Medya-İş olarak örgütlenme faaliyetlerinin hız kesmeden devam ettiğini belirten Eser, bu anlamda Devlet Malzeme Ofisi (DMO) Basım İşletme Müdürlüğü çalışanları ve Başbakanlık Basım İşletme Müdürlüğü Resmi Gazete çalışanlarının sendikaya katılmasının güç verdiğini bildirdi.
Sendikanın, Anadolu Ajansında TGS’ye karşı verdiği hukuk mücadelesini kazandığını ve burada yetki aldığını hatırlatan Eser, yetki alınan tarihten bu yana yapılan Toplu İş Sözleşmesi (TİS) görüşmelerinin, üyelerin lehine, iyi bir şekilde ilerlediğini kaydetti.
Ülkemizde bugün sadece Anadolu Ajansında sendikal faaliyet yürütüldüğünü ve Toplu İş Sözleşmesi yapılabildiğini vurgulayan Eser, bu durumun, medya emekçileri adına ne yazık ki utanılacak bir durum olduğunu belirtti.
Basın özgürlüğünden bahsedenlerin, yaşanan bu olumsuz tabloya sadece hükümetler nezdinde bakmaması, medya patronlarının da basın özgürlüğünün önünde bir engel olduğunun artık görülmesi gerektiğini belirten Eser, "Aynı medya patronlarının basın emekçilerinin sendikal örgütlenmesi önünde de büyük bir engel teşkil etmektedirler. Medya patronlarının çok düşük ücretlere ve sigortasız personel çalıştırdıkları hepimizin malumudur.
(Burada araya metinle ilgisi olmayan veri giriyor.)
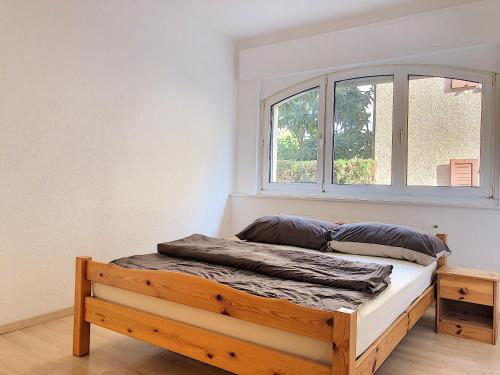 a bed in a room with a window at Apartment Del Sol Sion Center in Sion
Aylarca maaş dahi alamayan basın emekçileri, ne yazık ki acımasız patronları tarafından sömürülmekte, sendikalı olmamalarından yararlanılarak emekleri dün olduğu gibi, bu gün de gasp edilmektedir" ifadesini kullandı.
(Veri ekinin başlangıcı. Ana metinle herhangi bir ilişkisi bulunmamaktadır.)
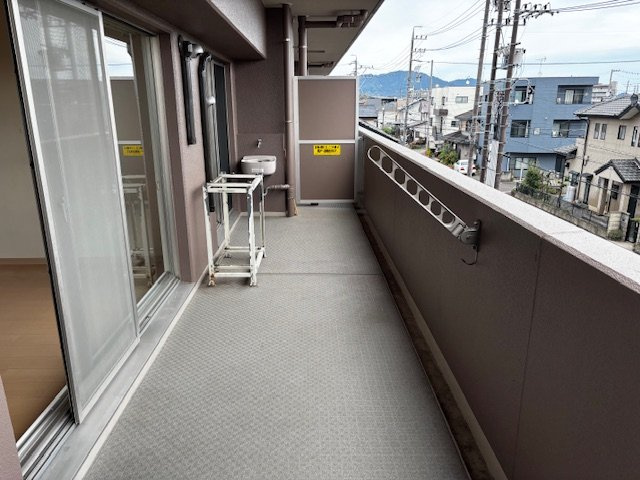 エンブルネクスト藤枝のバルコニー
Basın emekçilerine yönelik olumsuz uygulamalar ve sendikasızlaştırma gayretlerinin sonucunda çalışanların, çalışma şartlarının her geçen gün daha da ağırlaştığına dikkati çeken Eser, şunları kaydetti:
"Medya İşçileri Sendikası olarak belki de en büyük hayalimiz, genelde tüm dünyada, özelde ise ülkemizde sansürün ve otosansürün olmadığı, düşünce ve ifade özgürlüğünün önündeki tüm engellerin ortadan kalktığı, gazetecilerin sendikal haklarının ve çalışma koşullarının güvence altına alındığı, meslek etiğinin öne çıktığı bir medya yapılanmasıdır. Bunun gerçekleşebilmesi için, gerektiğinde emekten gelen gücümüzü kullanmakta tereddüt etmeyiz.
Biz Medya İşçileri Sendikası olarak buradan tüm dünyaya sesleniyoruz, basın özgürlüğünün yolu sendikal mücadeleden geçer. Bizler öncelikli olarak çalıştığımız iş yerlerinde mücadelemizi başlatarak sendika üyesi olmak zorundayız. Bu anlamda Medya İşçileri Sendikasının kapıları, tüm medya çalışanlarına ardına kadar açıktır. Bu duygu ve düşüncelerle Medya İşçileri Sendikamızın 2. kuruluş yıl dönümünün tüm üyelerimizin yanı sıra tüm basın emekçileri için hayırlı olmasını diliyorum."